Jaka przekładnia 6,3:1 czy 7,1:1 ? Może zasugerujecie jakiś inny model multiplikatora. Liczę na wasze doświadczenie i czekam na poradę.
#2 OFFLINE
Napisano 15 październik 2007 - 16:48
#3 Guest__*
Napisano 15 październik 2007 - 16:50
.
Użytkownik J_J edytował ten post 25 czerwiec 2014 - 22:14
#4 OFFLINE
Napisano 16 październik 2007 - 10:06
pozdrawiam
Remek
#5 OFFLINE
Napisano 16 październik 2007 - 10:25
#6 OFFLINE
Napisano 16 październik 2007 - 10:29
#7 OFFLINE
Napisano 16 październik 2007 - 16:20
Chrypało bo nie mogłem rozłożyć - po przesmarowaniu (polecam na początek bo pożałowali w faktorii smaru) działał jak nowy. Moim skromny zdaniem curado wypluje wnętrzności w sezon, chyba że się łowi ciężko bardzo sporadycznie. Gumy, woblery - czemu nie, ale szybka orka jerkami?? nie wiem czy da rady. Po za tym jest jakis faken wielki i płaski, kompletnie w ręce mi nie leży.No właśnie - to może inaczej Revo czy Curado? Optuję za Curado tylko mam nadzieję że pojawi się niebawem 301 (na to liczę i czekam tak szczerze mówiąc). Ale przyglądałem się też Revo, tyle że standerusowi chrypiało, tpe1 odpadają od niego jakieś fintifruszki - chyba jednak Curado...
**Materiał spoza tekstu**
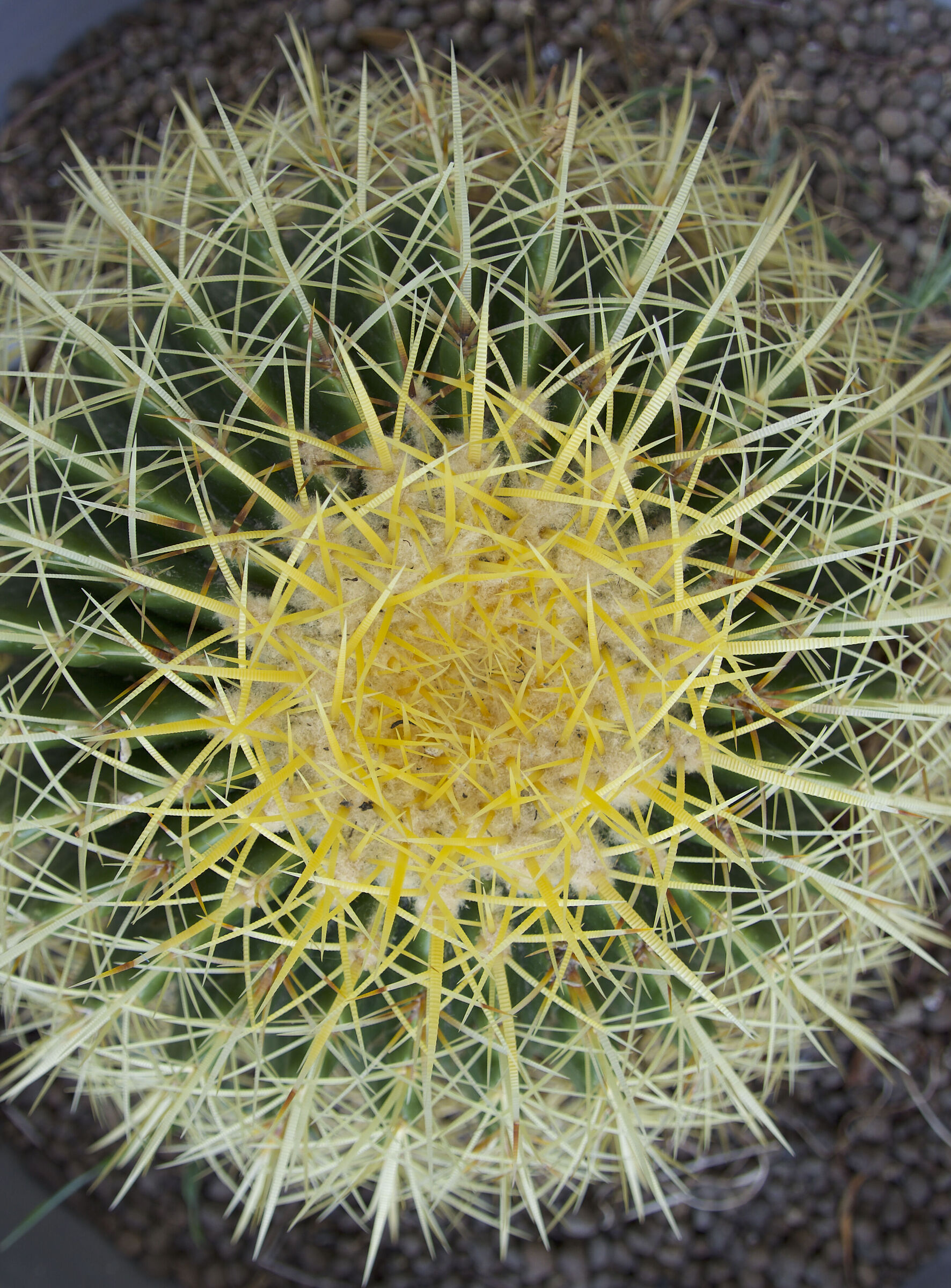 Echinocactus...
Widzę że ty Tomaszek powoli rośniesz na forumowego experta od multików fizyk-teoretyk??
#8 OFFLINE
Napisano 16 październik 2007 - 18:11
#9 OFFLINE
Napisano 16 październik 2007 - 18:14
Jakie złośliwe
Może lepiej kupic multika i zacząc łowić i wtedy mieć jakieś spostrzeżenia?? Ja miałem revo, sprzedałem, teraz będę mieć dwa, naprawdę bardzo mi leżał ten multik i jak dla mnie z tych z którymi miałem do czynienia: abu c3, c4, curado 101, 201(szybkie i wolne), scorpion, antares(peresady), zillion, conquest 51s i 201DC, jakieś basspro itd co już nie pamiętam to jakoś najlepiej mi leży i moim zdaniem do średnio ciężkiego łowienia jest bardzo dobry. Miałem okazję z całą gamą: S, SX, STX, więc sądzę że +- moge się wypowiedzieć na ten temat
postfakerstwo - niezłe
#10 OFFLINE
Napisano 16 październik 2007 - 18:22
No taki już jestem.... z czasem przywyknieszJakie to złe
Jakie złośliwe
#11 OFFLINE
Napisano 17 październik 2007 - 10:33
Dzięki za odzew. Czy Revo stx jest odporne na słoną wodę szwedzkich szkierów, bo jeśli są wątpliwości to wg. mojej wiedzy będzie nowy model Revo - Revo Inshore odporny na słone środowisko, ale chyba z trudniejszym w obsłudze hamowaniem centrifugal brake system w miejsce Linear Magnetic Brake™ system z Revo stx. Czy Revo wytrzyma rzucanie przynętami do ok. 60 gram ? Myślałem rownież o Shimano Curado 300DSV, ale chyba nie ma jeszcze wersji na lewa rękę. Pozdrawiam Mario43.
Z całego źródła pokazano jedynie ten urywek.